California bans insider trading in prediction markets

California bans insider trading in prediction markets 2

Regulatory scrutiny on prediction markets is intensifying, with state and federal authorities implementing measures to prevent the misuse of non-public information for financial gain. California Governor Gavin Newsom has issued an executive order barring state officials from leveraging confidential information acquired through their positions for betting on prediction market platforms. This move aligns with a broader trend of treating these markets with the same regulatory rigor applied to traditional financial instruments when it comes to insider trading.

The executive order, effective immediately, prohibits gubernatorial appointees from utilizing any confidential information gained from their official capacities to place bets or facilitate such activities for others, including family members or business associates. Governor Newsom explicitly stated that public service should not be a vehicle for personal enrichment, drawing a parallel with accusations of self-enrichment against former President Donald Trump.

Key Takeaways

  • State and federal lawmakers are increasing regulations on prediction markets, focusing on insider trading.
  • California’s Governor has issued an executive order prohibiting officials from using non-public information for prediction market bets.
  • A federal bill, the PREDICT Act, aims to ban members of Congress, federal officials, and their families from trading contracts based on government actions and political events.
  • Major prediction market platforms, Polymarket and Kalshi, are enhancing their internal restrictions and surveillance to combat market manipulation and insider trading.
  • The combined monthly trading volume on Kalshi and Polymarket has reached record highs, surpassing $20 billion.

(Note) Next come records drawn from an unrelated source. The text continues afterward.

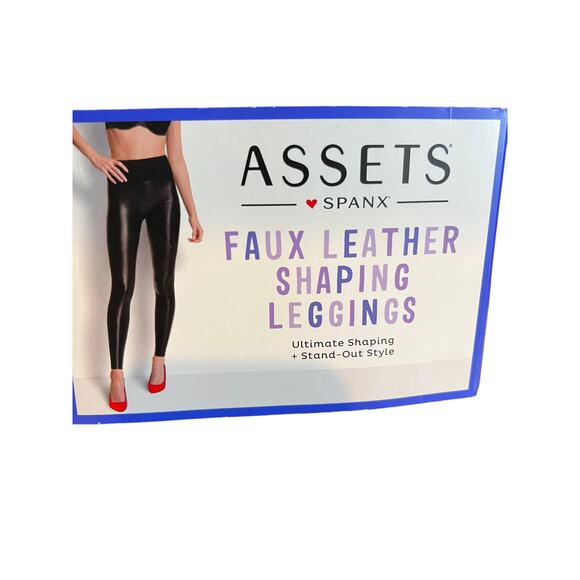 Assets by Spanx Faux Leather Shaping Leggings Sea Blue S - Picture 2 of 7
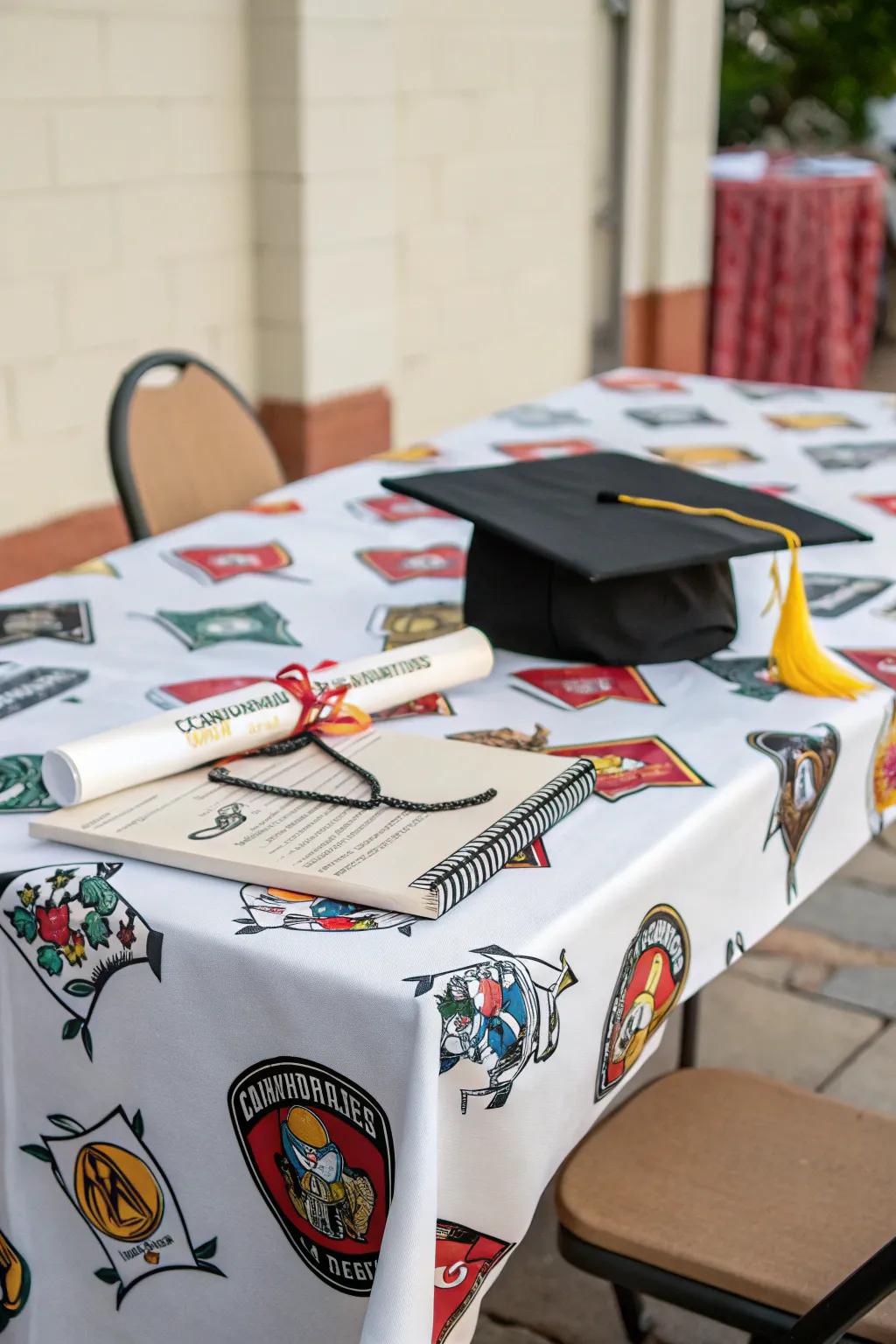 Themed tablecloths add a customized touch to the party.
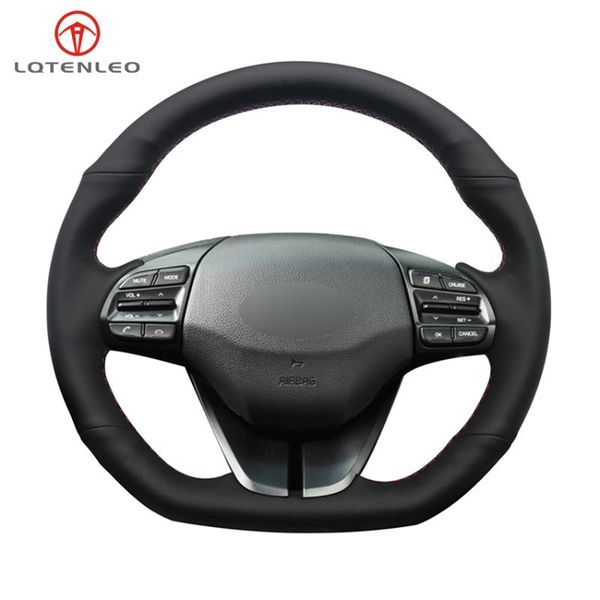 

steering wheel covers lqtenleo black pu artificial leather car cover for elantra 4 2021 ioniq 2021-2021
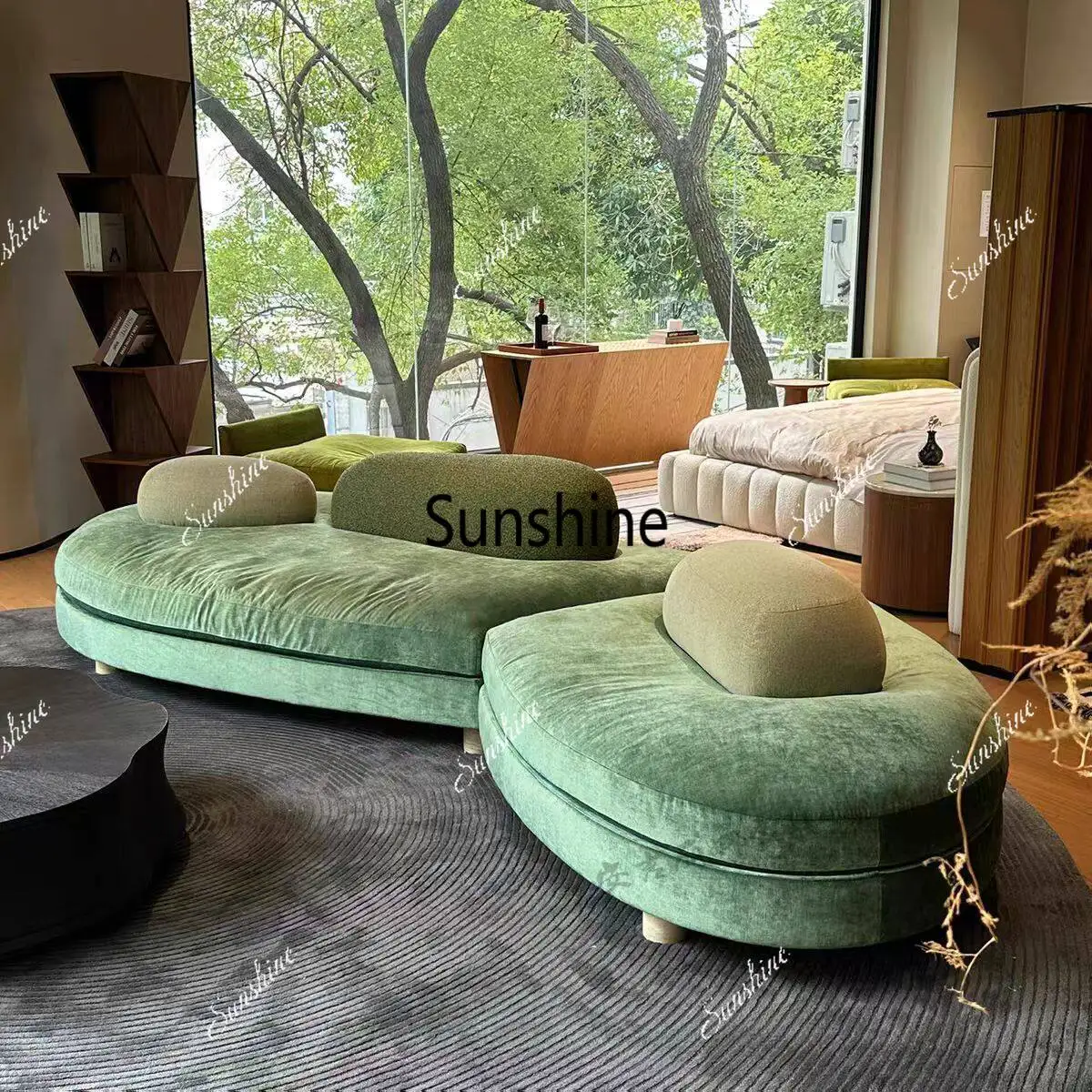 

Italian minimalist fabric sofa living room modern simple light luxury straight sofa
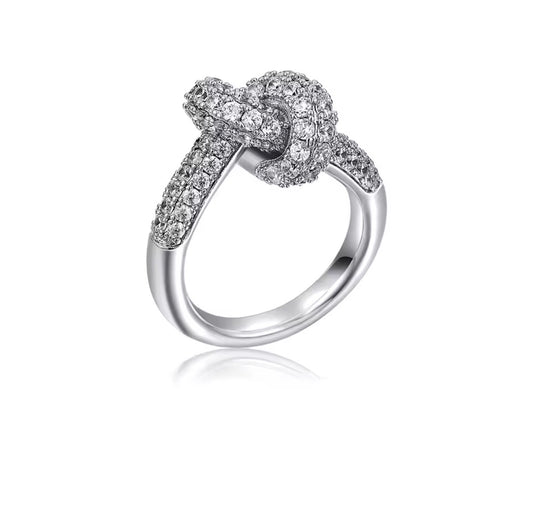 Anillo nudo zirconias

At the federal level, similar concerns have spurred legislative action. The recently introduced PREDICT Act proposes a ban on trading event contracts tied to political outcomes, policy decisions, and other governmental actions for members of Congress, federal employees, and their immediate families. Violators of this proposed legislation would face the forfeiture of all profits and a penalty equal to 10% of the profits to the U.S. Treasury. This legislative push is reportedly influenced by high-value bets made shortly before significant geopolitical events, such as U.S. military actions in Venezuela and Iran, which are suspected of having been influenced by insider information, potentially yielding millions of dollars for those involved.

In parallel, leading prediction market platforms, including Polymarket and Kalshi, are proactively addressing these regulatory anxieties. Both platforms have introduced new trading restrictions and bolstered their surveillance tools. These measures include limitations on participants who may have direct influence over the events being traded and the reinforcement of existing rules against insider trading and market manipulation. The urgency for these platforms to implement stricter controls is amplified by their substantial growth; data indicates that Kalshi and Polymarket recently exceeded $20 billion in combined monthly trading volume for the first time, marking a seventh consecutive record-breaking month.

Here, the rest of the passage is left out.